Spring arrives when I hear — not see, but hear — robins singing in the morning. They start their slurpy song a few moments before dawn, waking up the cardinals who then sing a tune from their repertoire.
The seasons are experienced through sound: hearing birds before I see them, smelling snow before it arrives, feeling the changing humidity on my skin.
This summer has been gracious, not too hot, not too dry. As I’m writing this, we are having a few days of heat and soggy air. Jane and I use the air conditioning sparingly, turning it on when it gets to be about 80 degrees in the house, and turning it off before we go to sleep. I do not like hot weather.
Last week I heard the sound that announces the depth of summer and, like a lookout in a crow’s nest, the first sighting of autumn, still a ways off but approaching.
I heard crickets.
The boys are rubbing their wings together.
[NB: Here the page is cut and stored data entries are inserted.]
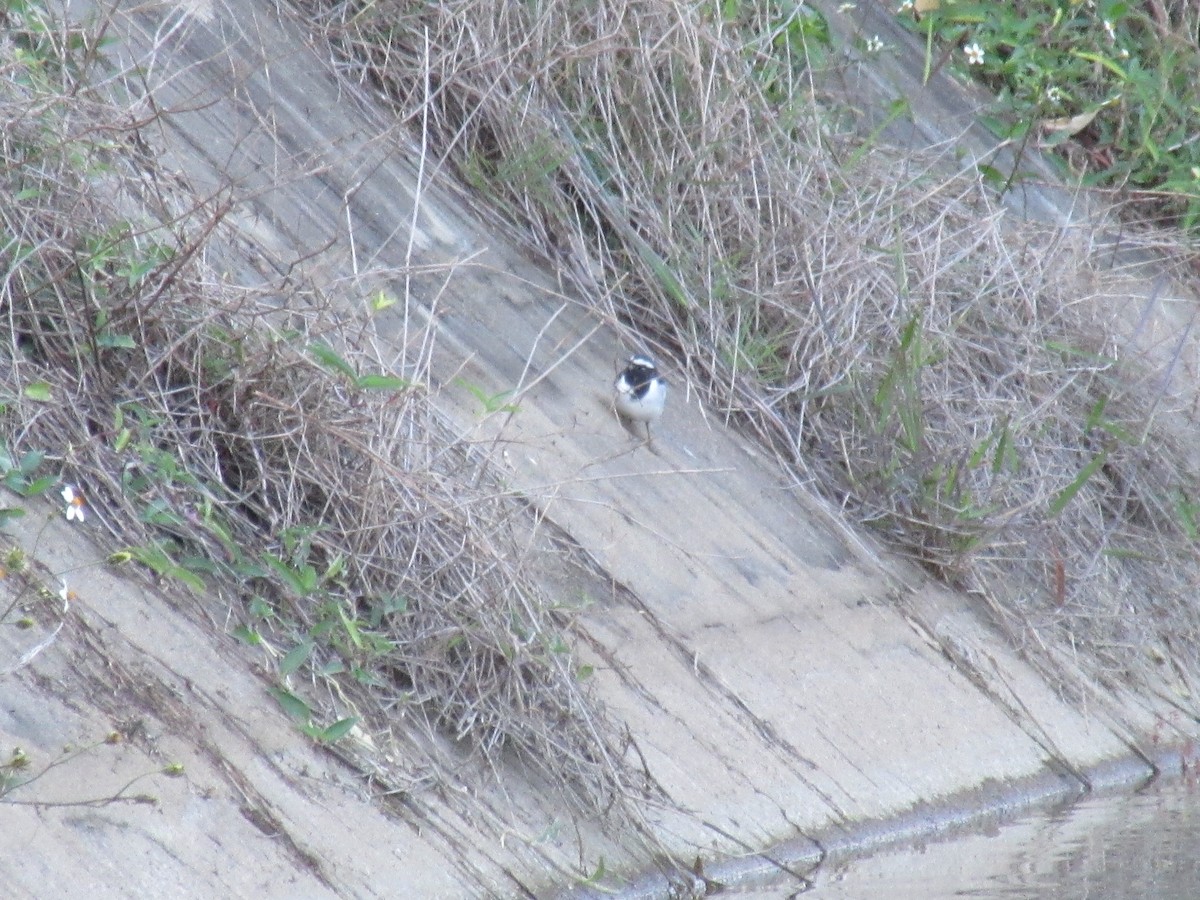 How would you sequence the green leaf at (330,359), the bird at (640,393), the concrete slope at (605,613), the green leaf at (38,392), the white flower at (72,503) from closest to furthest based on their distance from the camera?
the concrete slope at (605,613) → the white flower at (72,503) → the green leaf at (38,392) → the green leaf at (330,359) → the bird at (640,393)

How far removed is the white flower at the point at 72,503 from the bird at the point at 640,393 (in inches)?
76.9

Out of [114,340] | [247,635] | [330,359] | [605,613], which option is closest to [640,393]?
[605,613]

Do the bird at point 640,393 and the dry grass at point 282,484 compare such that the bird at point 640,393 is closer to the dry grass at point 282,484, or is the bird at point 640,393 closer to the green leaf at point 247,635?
the dry grass at point 282,484

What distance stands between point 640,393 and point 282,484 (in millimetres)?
1514

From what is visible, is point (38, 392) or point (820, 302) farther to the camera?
point (820, 302)

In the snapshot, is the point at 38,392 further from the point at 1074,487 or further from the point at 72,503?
the point at 1074,487

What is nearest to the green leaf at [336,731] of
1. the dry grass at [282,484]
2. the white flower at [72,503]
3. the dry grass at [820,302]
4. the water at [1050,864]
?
the dry grass at [282,484]

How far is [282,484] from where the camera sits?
410 cm

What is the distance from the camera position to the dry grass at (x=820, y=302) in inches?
223

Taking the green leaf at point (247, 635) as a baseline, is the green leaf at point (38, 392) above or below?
above

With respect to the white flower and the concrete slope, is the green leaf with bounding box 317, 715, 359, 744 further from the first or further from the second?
the white flower

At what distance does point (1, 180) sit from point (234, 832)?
177 centimetres

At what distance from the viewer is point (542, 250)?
591 cm

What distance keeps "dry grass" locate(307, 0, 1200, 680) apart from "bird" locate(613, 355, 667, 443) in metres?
0.47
Their fast chirping will start slowing down as the temperature drops each night. For now, they are doing about 30 to 35 chirps every 15 seconds. (Yes, I am a geeky girl. And according to the University of Minnesota Extension Service, one can estimate the approximate temperature in degrees Fahrenheit by counting the number of chirps in 15 seconds then adding 40.)
Wind, air pressure, humidity, the angle of the sun, the length of night and day all affect me deeply. Why not focus in and write about it? Why not write a collection of songs for all seasons, meteorological and metaphorical?